Government ministers are among those to point out that UK gas production is small and that global prices set UK prices.

Starting fracking production and North Sea mining sites would also take years, further locking the UK into fossil fuels, exacerbating the climate crisis and potentially creating stranded assets that the taxpayer would have to pay to decommission, campaigners warn.

Tessa Khan, director of Uplift, which campaigns for a fossil-free UK, said the documents showed that the government knows the solution to the energy crisis is to get the country off fossil fuels with renewables, which are now nine times cheaper than gas.

“So, why is it promising this week to fast track new oil and gas developments and licence new fields, which will only lock us into an unaffordable and polluting source of energy far longer than is necessary?” she said. “The only winners from this would be the profiteering energy giants that want to keep us hooked on fossil fuels.”

Fracking was paused in 2019 following concern about earthquakes in Lancashire. Liz Truss’s government then officially lifted the moratorium on 22 September (PA)

The government announced last week that Cambo oil and gas field and four others were among 138 projects to be accelerated under its new mini-Budget.

But the prime minister’s claims that gas from fracking could flow in six months have been called into doubt – with one company estimating it could take as long as 18 months.

Friends of the Earth’s head of policy, Mike Childs, said the documents raised “serious questions” about the prime minister’s energy strategy.

“BEIS officials are clear that a continued reliance on fossil fuels is not the answer to rising energy prices, yet this government has just given the green light to fracking and more North Sea gas and oil licences,” he said.

While Mr Childs welcomed the government announcement on Friday that it was easing planning rules for on-shore wind, he said Liz Trust must “end the obsession with new fossil fuel developments and prioritise cheap homegrown renewables and a nationwide insulation programme”.

Demonstrators take part in a protest march from Victoria station to Parliament Square, in London (AFP/Getty)

Adrian Ramsay, co-leader of the Green Party, said BEIS officials were “absolutely” right that the solution to soaring gas prices was increasing renewable energy and that ministers should “urgently” translate this into policy.

The government’s new policies were announced as campaigners stepped up opposition to developing a major oil and gas field northwest of Shetland.
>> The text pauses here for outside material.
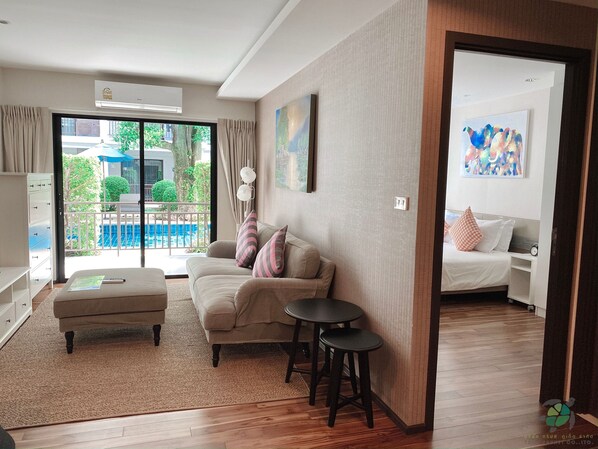 A hotel room with a sofa, a small table, a bed, and a view of a swimming pool.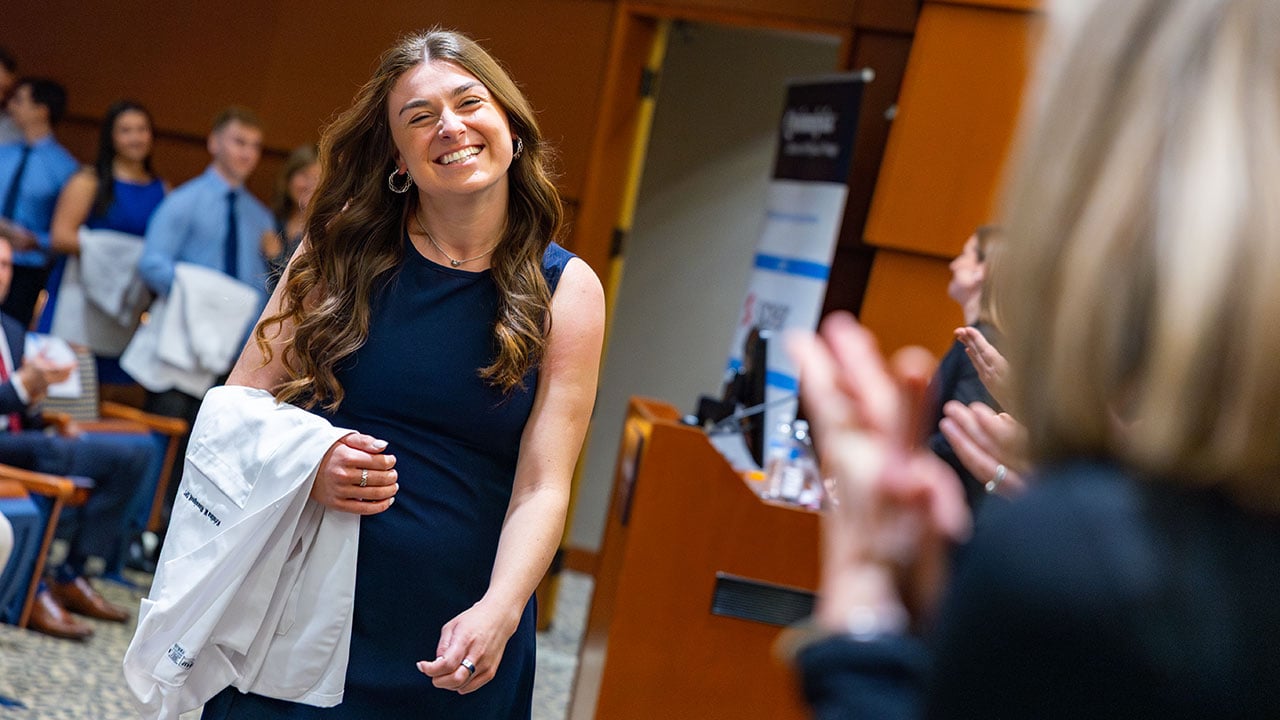 Student smiles at White Coat Ceremony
If given the go-ahead by the government, Rosebank field could produce nearly 500 million barrels making it three times bigger than the controversial Cambo field, according to analysis by Uplift.

The charity estimates that nearly 90 per cent of the field is oil and notes that around 80 per cent of the oil produced in the UK is exported.

According to the project summary, the first oil is expected to be produced in 2026, and the field life is estimated to be approximately 25 years, meaning it still could be producing oil and gas a year after the UK has pledged to be net zero.

Oil rigs in Cromarty Firth off the coast of Scotland (PA)

A BEIS spokesperson said: “This is a deliberate attempt to misinterpret our policies.

“It is a fact that there will continue to be ongoing demand for oil and gas over the coming years as we transition to cleaner, lower carbon energy – sourcing gas locally in the North Sea makes us less dependent on foreign imports and produces less than half the carbon footprint of imported gas.”

The spokesperson said the government was also producing more renewable energy.

“Since 2010, we have delivered a [five-fold] increase in the amount of renewable energy capacity connected to the grid.”

A spokesperson for Equinor said the company was contributing to the UK’s energy security by supplying natural gas and it had sped up its renewable energy plans with the development of the world’s largest wind farm and aimed to be net zero by 2050.

But it added there would still be a need for oil and gas for decades and said  Rosebank could account for around 11 per cent of the UK’s oil production through the 2030s helping reduce the UK’s oil and gas trade deficit.